Due to the fragility of the froggies, I will abstain from using this (?able) product. More nerites are required! Thanks....


----------



## WheeledGoat (Jan 29, 2013)

part of me wants to say something like "but it's in such a low concentration, your frogs are probably fine"

but frogs are pretty sensitive, and I think if I had frogs, I'd agree with you - not worth the risk. you have got me thinking about setting up a terrarium w/ frogs, tho! I've always liked 'em. Is it really any harder than fish? Do you have a terrarium, or a full-out aquarium? Do they have/need a place to sit & rest out of the water?


----------



## frogwings (Aug 26, 2011)

Hi Wheeledgoat! 

Dwarf African frogs are aquatic and would require an aquarium. I have mine in a 10 gallon, heavily planted tank with 6 tetras and 2 otos.

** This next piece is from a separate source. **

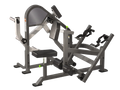 PRM PLATE LOADED | Seated Row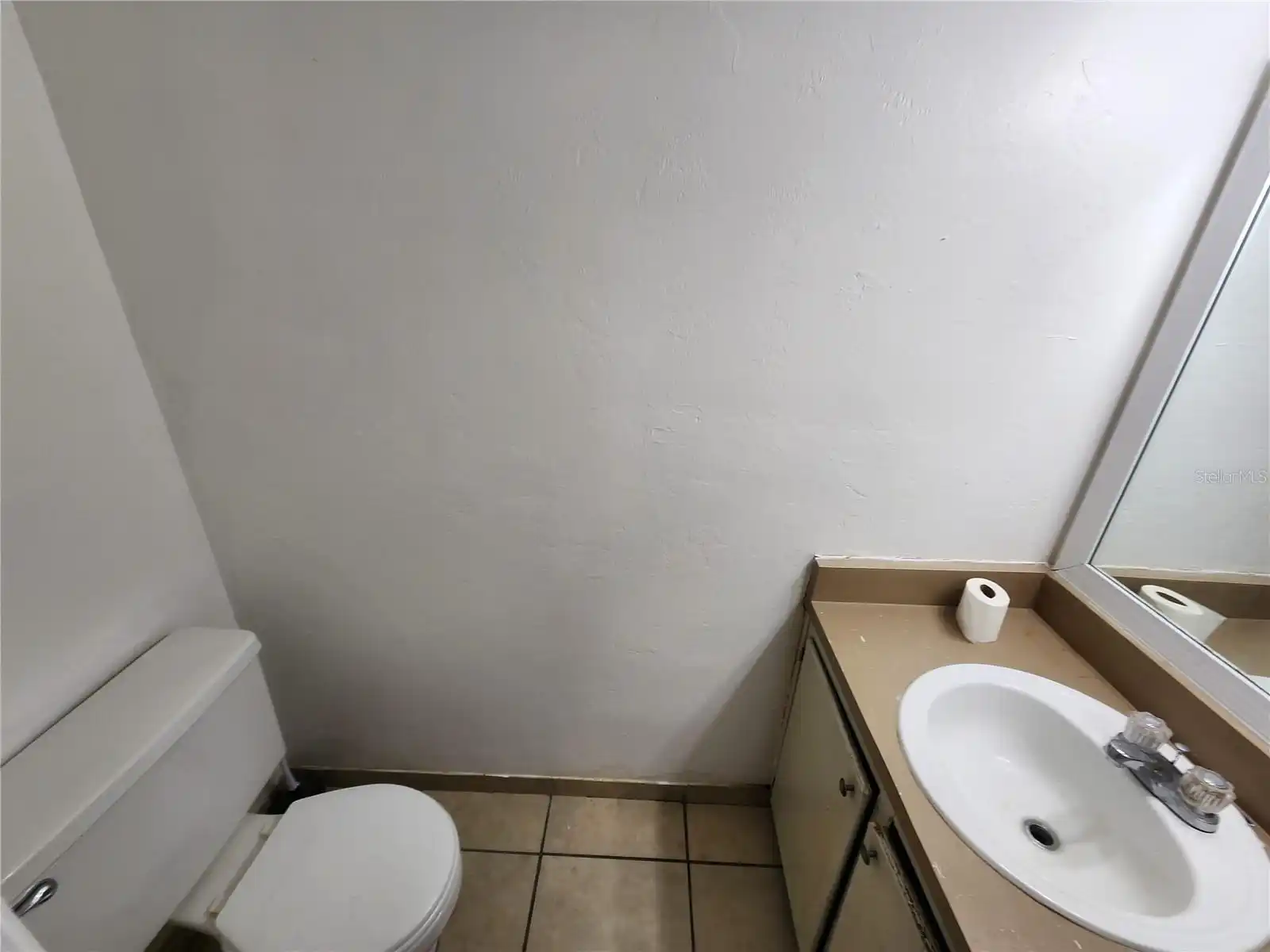 Listing Photo 9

They do not come out of the water, but do need to have access to the surface to breath. Since they are very small (about the size of a 50 cent piece) they should be in a relatively shallow tank ~ I would think nothing over 14-16 inches deep. Maybe other members have had them in deeper tanks, I don't know.

I love mine! I don't see them often 'cause they hide during the day, but they are very cute when I do see them. During the day if you watch the tank for a while, you will see them shoot to the surface to grab a breath of air. 

They are easy to care for: just some food and an unimpeded route to the surface ~ water parameters the same as the fish! And, they must be kept with non-agressive fish or other aquatic critters that would make a meal out of them!


----------